[Saved data entries]
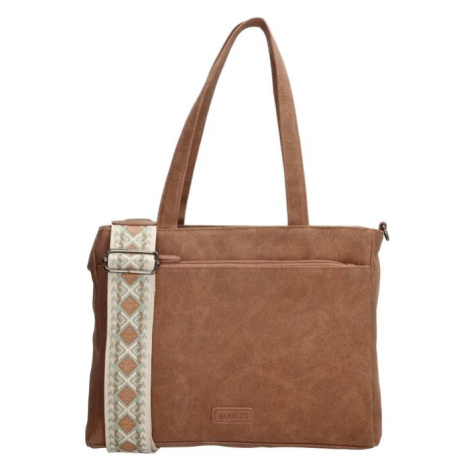 Hnedá kabelka na rameno so vzorovaným ramienkom „Malaga“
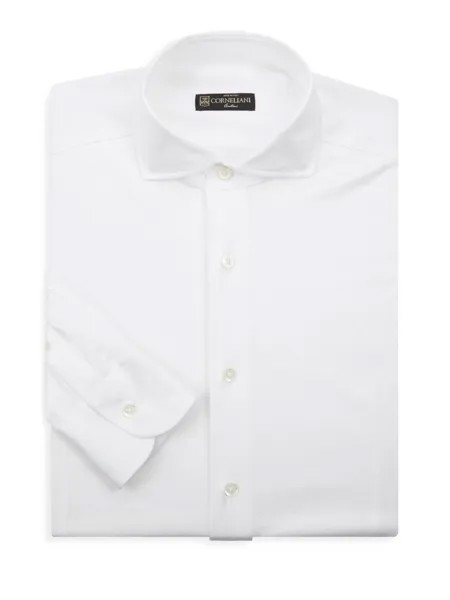 Повседневная хлопковая классическая рубашка с длинными рукавами Corneliani, белый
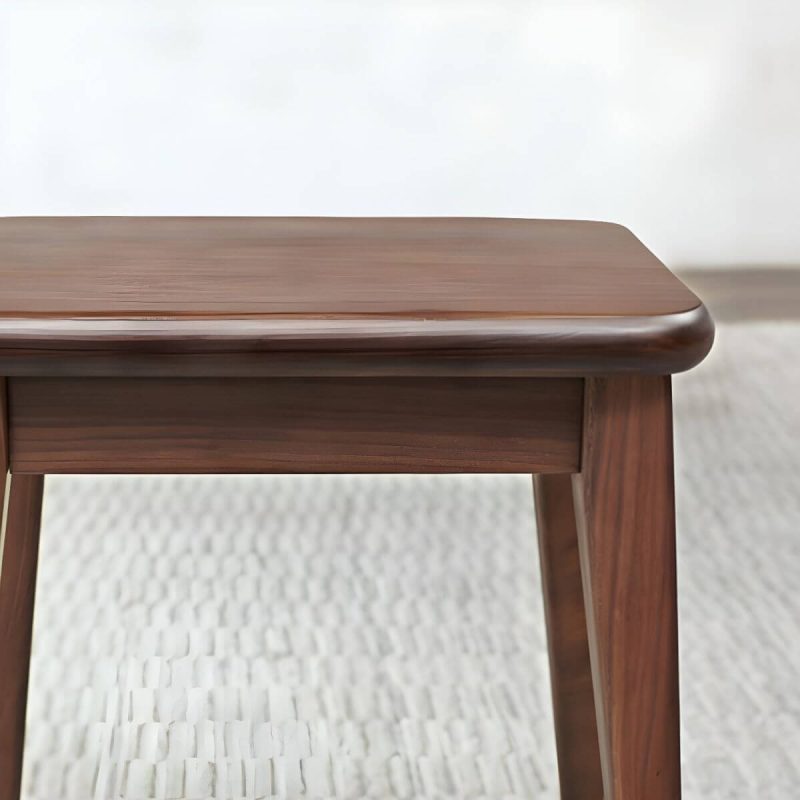 "Modern Brown Walnut Wood Utility Stool with Stackable Legs for Table Use - 2 Piece Set"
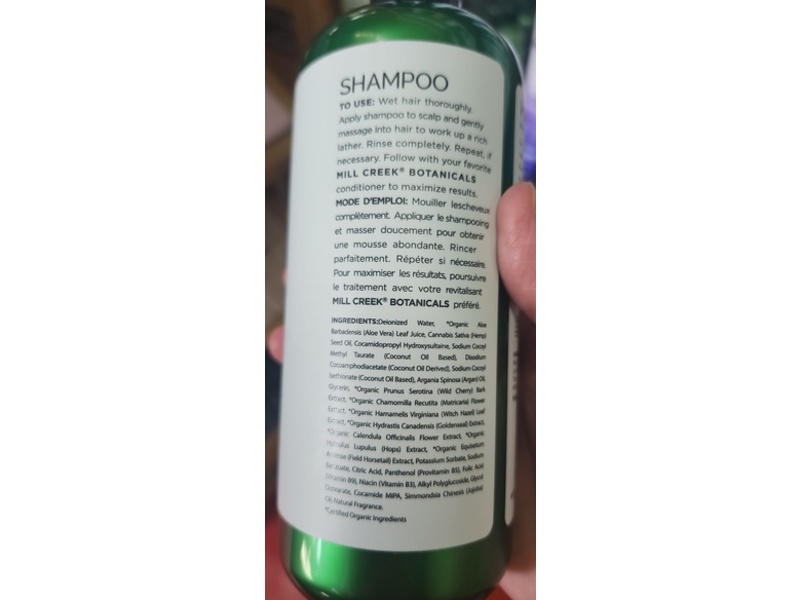 Mill Creek Botanicals Hydrating Shampoo, Hemp, 14 fl oz/414 mL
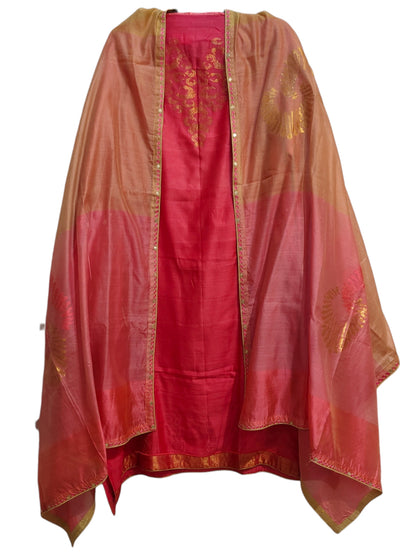 Semi Stitched Chanderi Formal Suitset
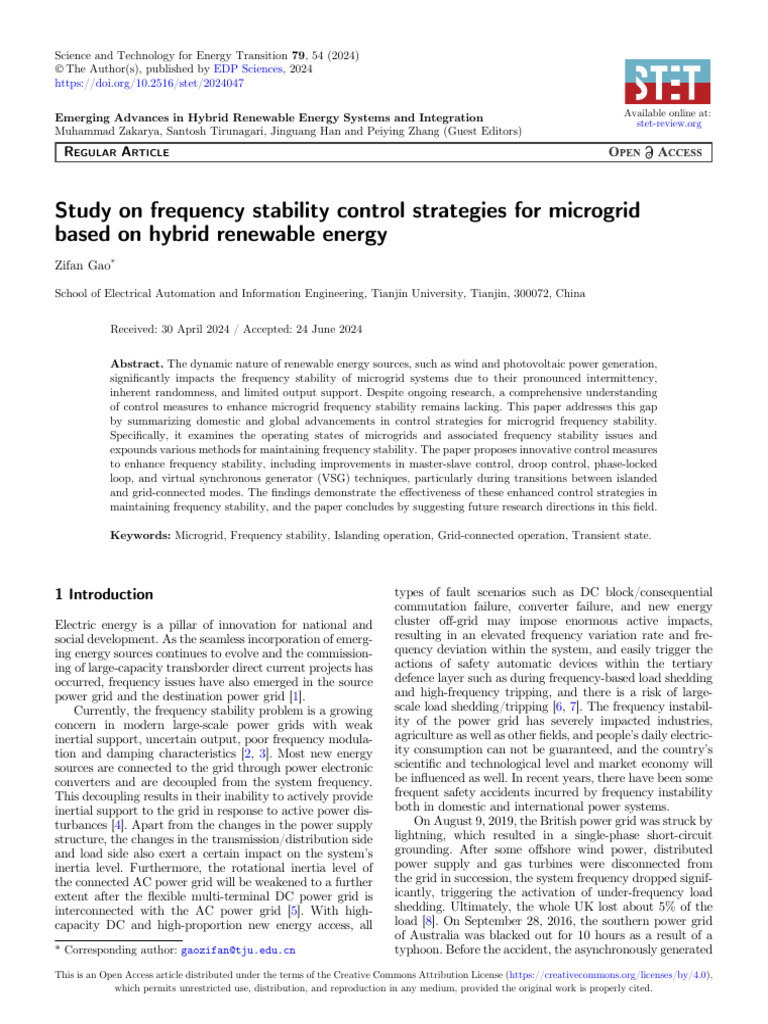 Microgrid Frequency Stability Control Strategies | PDF | Electrical ...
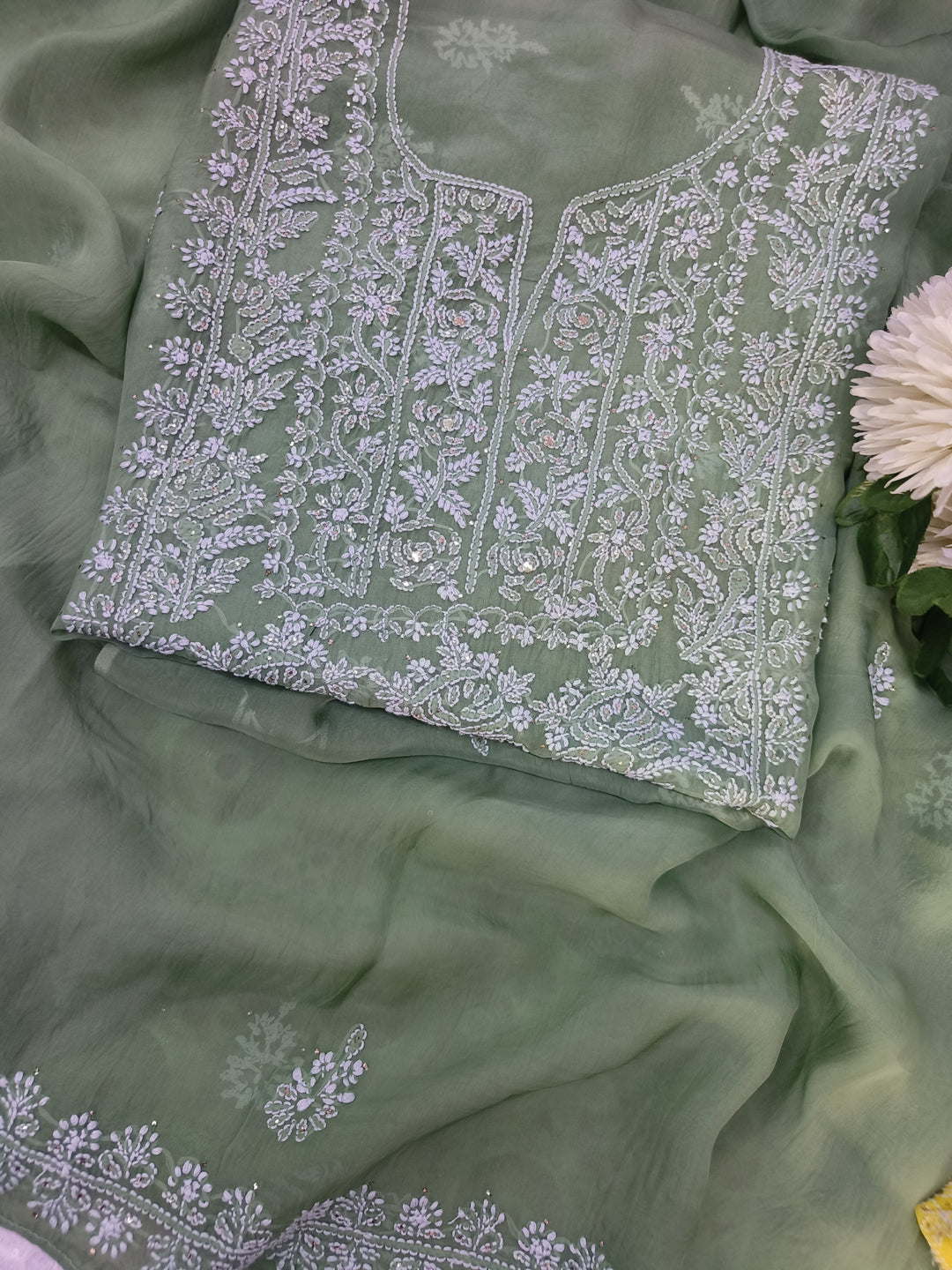Olive green Chikankari Orzanga Kurta duppata Fabric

▸ **TASK REQUIREMENTS**:
Your task is to restate word for word the lines from the top of the data to the line containing "Brown Walnut Wood", both ends included, with every picture left out.

▸ **RESULT**:
 Hnedá kabelka na rameno so vzorovaným ramienkom „Malaga“
 Повседневная хлопковая классическая рубашка с длинными рукавами Corneliani, белый
 "Modern Brown Walnut Wood Utility Stool with Stackable Legs for Table Use - 2 Piece Set"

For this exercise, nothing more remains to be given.